-- Task description --
If an entry holds a picture, skip the picture but copy everything else exactly.
··· Recorded data ···
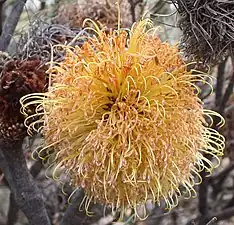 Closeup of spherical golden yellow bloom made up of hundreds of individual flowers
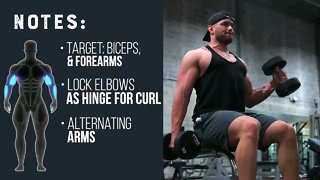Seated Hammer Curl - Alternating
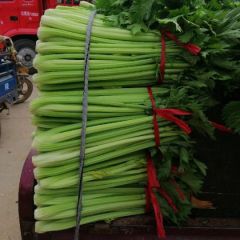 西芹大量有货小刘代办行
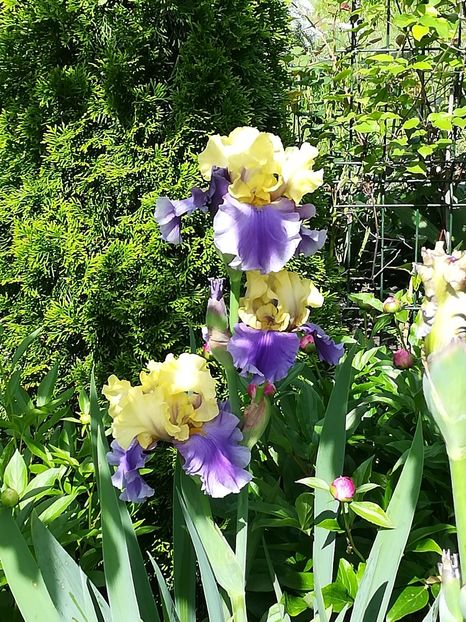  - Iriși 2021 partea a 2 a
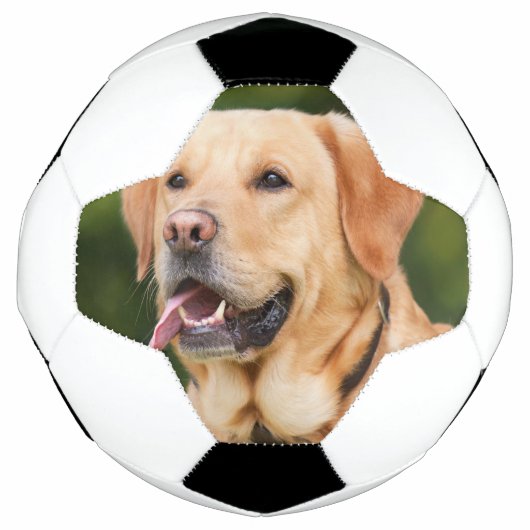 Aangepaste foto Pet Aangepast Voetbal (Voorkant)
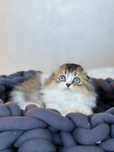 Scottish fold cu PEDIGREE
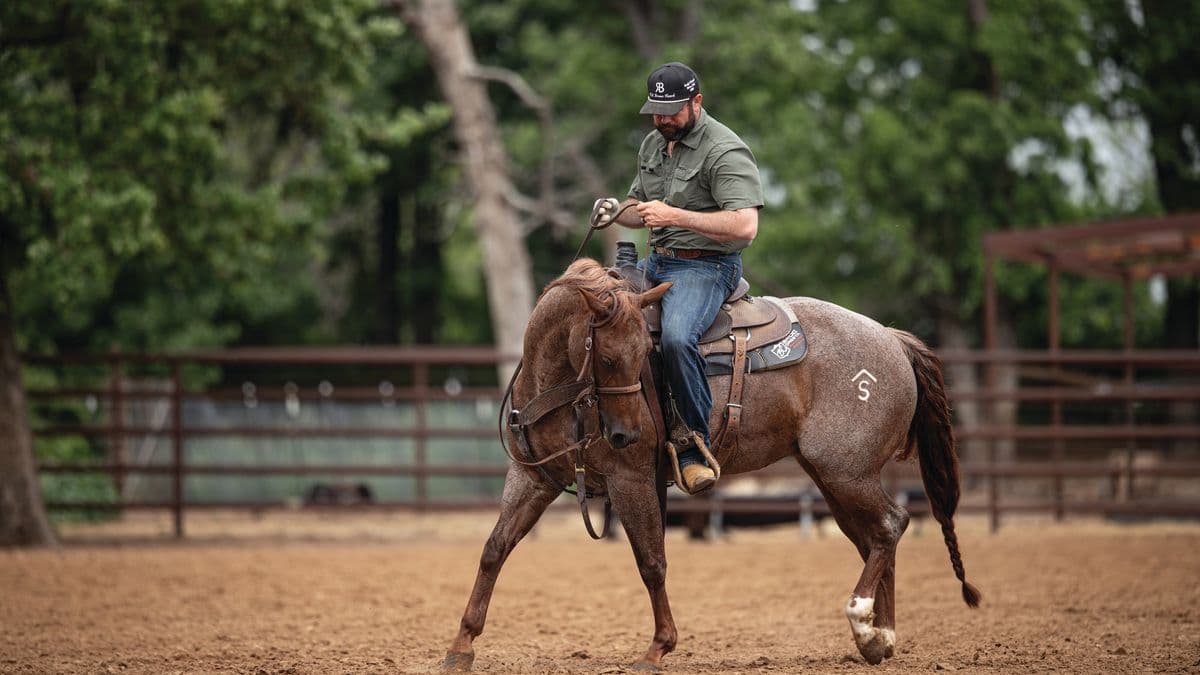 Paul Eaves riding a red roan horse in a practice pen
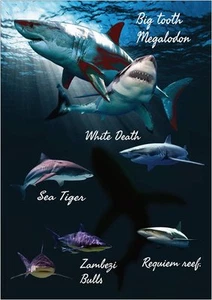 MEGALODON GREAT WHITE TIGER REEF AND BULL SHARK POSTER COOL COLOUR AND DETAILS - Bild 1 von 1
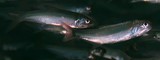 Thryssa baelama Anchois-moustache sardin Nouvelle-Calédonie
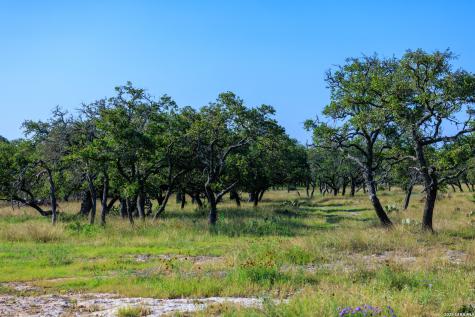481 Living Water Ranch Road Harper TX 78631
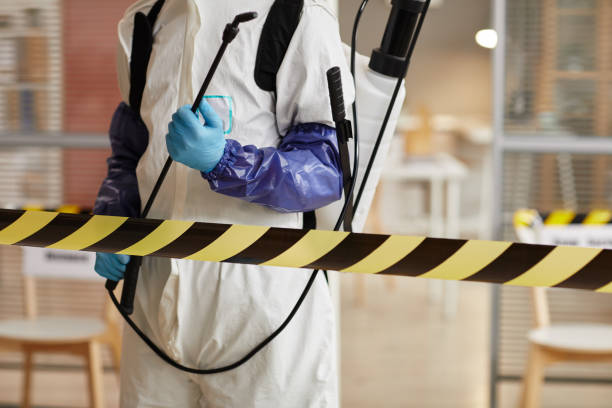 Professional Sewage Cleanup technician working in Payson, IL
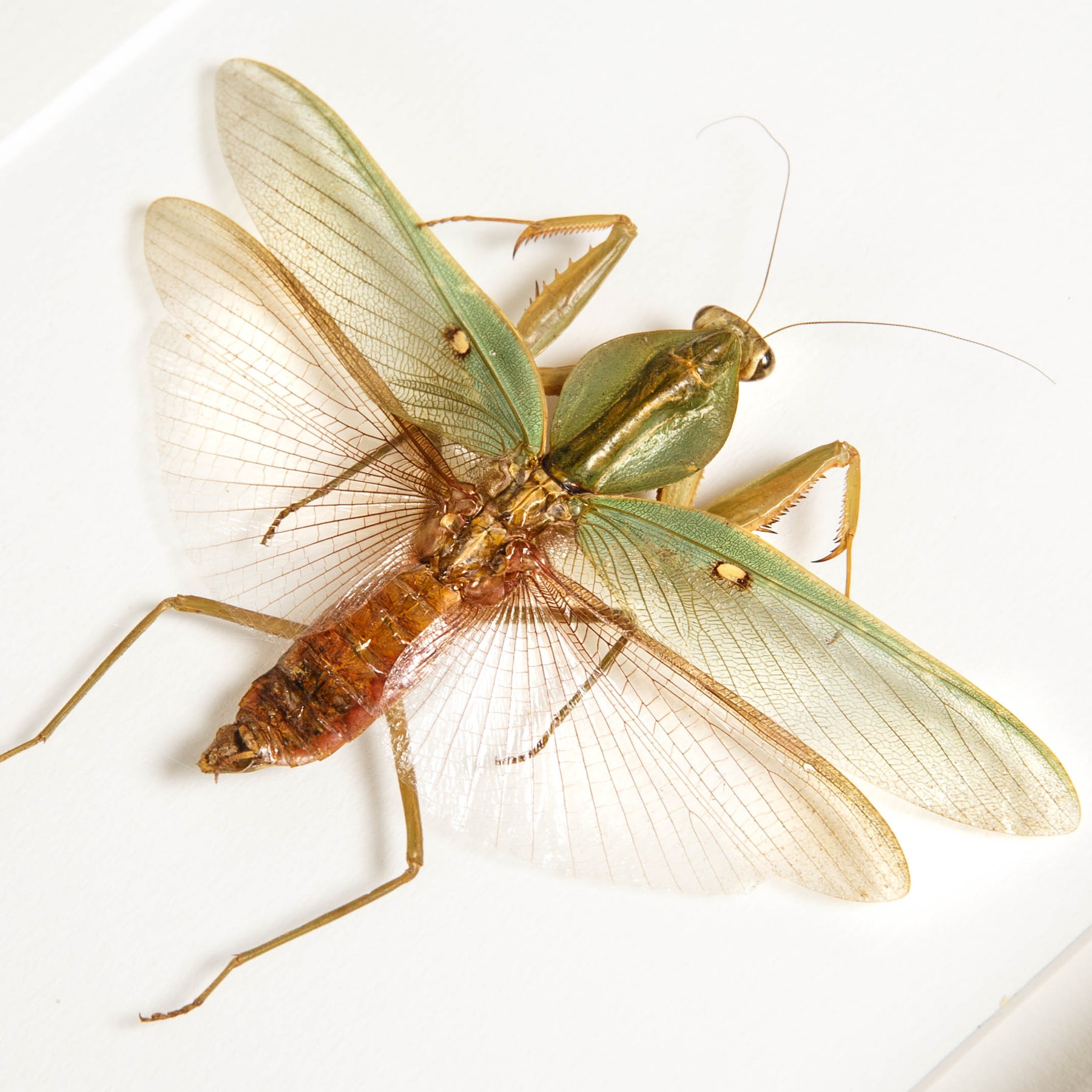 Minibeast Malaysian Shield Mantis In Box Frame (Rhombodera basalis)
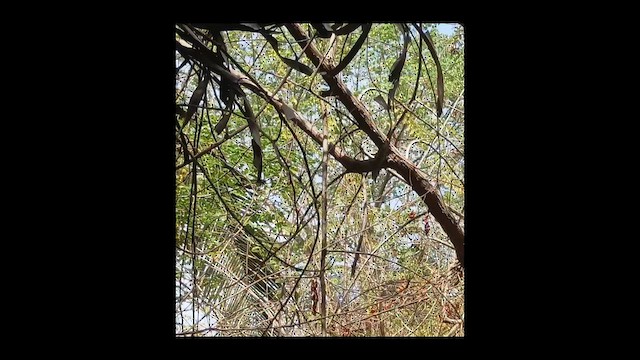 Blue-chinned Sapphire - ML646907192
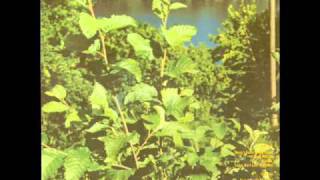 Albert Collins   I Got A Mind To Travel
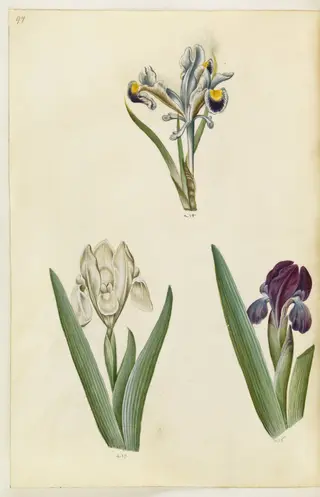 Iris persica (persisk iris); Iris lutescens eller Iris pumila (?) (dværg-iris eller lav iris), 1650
···
-- Exercise output --
 Closeup of spherical golden yellow bloom made up of hundreds of individual flowers
Seated Hammer Curl - Alternating
 西芹大量有货小刘代办行
  - Iriși 2021 partea a 2 a
 Aangepaste foto Pet Aangepast Voetbal (Voorkant)
 Scottish fold cu PEDIGREE
 Paul Eaves riding a red roan horse in a practice pen
 MEGALODON GREAT WHITE TIGER REEF AND BULL SHARK POSTER COOL COLOUR AND DETAILS - Bild 1 von 1
 Thryssa baelama Anchois-moustache sardin Nouvelle-Calédonie
481 Living Water Ranch Road Harper TX 78631
 Professional Sewage Cleanup technician working in Payson, IL
 Minibeast Malaysian Shield Mantis In Box Frame (Rhombodera basalis)
 Blue-chinned Sapphire - ML646907192
 Albert Collins   I Got A Mind To Travel
 Iris persica (persisk iris); Iris lutescens eller Iris pumila (?) (dværg-iris eller lav iris), 1650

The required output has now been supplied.